Object detection and semantic segmentation models
Implemented in standard and low precision modes.
- YOLO: A clever convolutional neural network (CNN) for doing object detection in real-time.
- SSD
- MaskRCNN: A deep neural network aimed to solve instance segmentation problem in machine learning or computer vision.
- EfficientDet
- DETR
NLP Transformer Models
Implemented in standard and low precision modes with block structured sparsity.
- BERT: Bidirectional Encoder Representations from Transformers is a Transformer-based machine learning technique for NLP pre-training developed by Google.
- DistilBERT
- Q8BERT
- Sparse Transformer: Transformer based architecture which utilises sparse factorizations of the attention matrix.
- Performer
- GPT-Neo
- GPT
Scientific ML models, Physics Informed NN, Differentiable Programming
Neural ODE: Neural Ordinary Differential Equations.
Graph Neural ODE: A counterpart to GNNs (graph neural networks) where the input-output relationship is determined by a continuum of GNN layers, blending discrete topological structures and differential equations.
Neural PDE: Neural partial differential equation.

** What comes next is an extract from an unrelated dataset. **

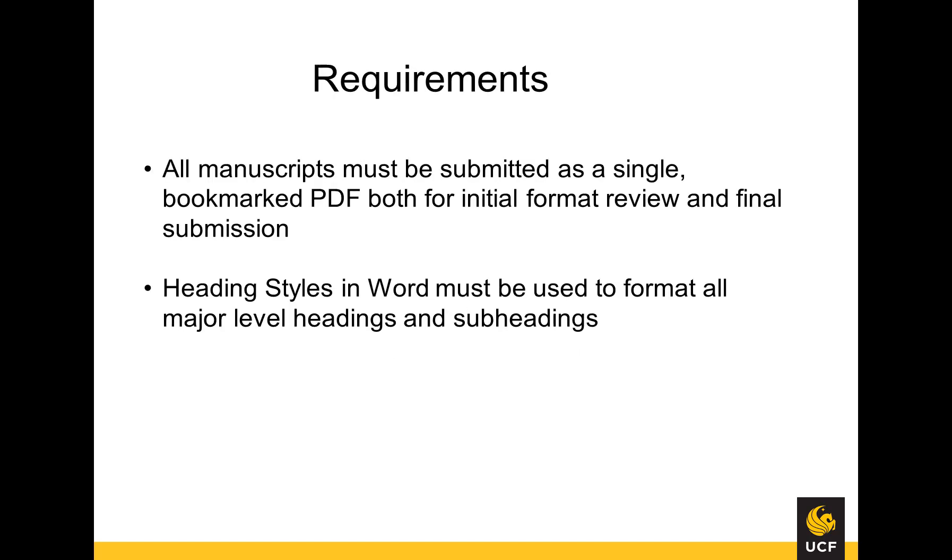ETDs must be submitted for both format review and final submission as a PDF document with corresponding bookmarks for all major level headings and at least first level subheadings. These bookmarks are generated using heading styles in MS Word. If you have not already done so, view the instructions for headings and subheadings to learn how to correctly apply heading styles.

HPC/AI for Life Sciences and Physical Sciences
DeepMD
DeepMD-kit is a package written in Python/C++, designed to minimize the effort required to build deep learning based model of interatomic potential energy and force field and to perform molecular dynamics (MD). This brings new hopes to addressing the accuracy-versus-efficiency dilemma in molecular simulations.
Quantum Espresso
Quantum ESPRESSO is an integrated suite of Open-Source computer codes for electronic-structure calculations and materials modeling at the nanoscale. It is based on density-functional theory, plane waves, and pseudopotentials.
LAMMPS
LAMMPS is a classical molecular dynamics code with a focus on materials modeling. It’s an acronym for Large-scale Atomic/Molecular Massively Parallel Simulator. It can be used to model atoms or, more generically, as a parallel particle simulator at the atomic, meso, or continuum scale.
Tachyum Software Distribution Package Beta and Production Releases
Our complete software distribution package, which is currently in its alpha stage, will receive significant updates throughout the year. The first upgrade has already been delivered, bringing important version updates, such as:
- Latest versions of the QEMU emulator 8.2
- GCC 13.2 (GNU Compiler Collection) and glibc 2.39 (GNU C Library)
- Linux 6.6 LTS (Long Term Support), which contains a large number of changes, updates and improvements
The Tachyum Software Distribution package is scheduled to enter the beta stage in the coming months, followed by the production release later this year.
Security Layer
Security Layer adds support for security monitor and secure applications.
It operates under a separate privilege mode and provides hardware isolation from other modes.
In addition, only in secure mode secure memory and secure I/O can be accessed.
System Management
System Management enables System Management Mode (SMM) and System Management Interrupts (SMI).
SMI handlers are the most important components of SMM drivers. They are used for managing system thermal and other system support functions.
SMM uses separate on-chip protected SRAM and is installed by UEFI.
Tachyum provides a separate privilege mode (ring 00) for SMM to provide availability, safety, and isolation for SMM and SMI.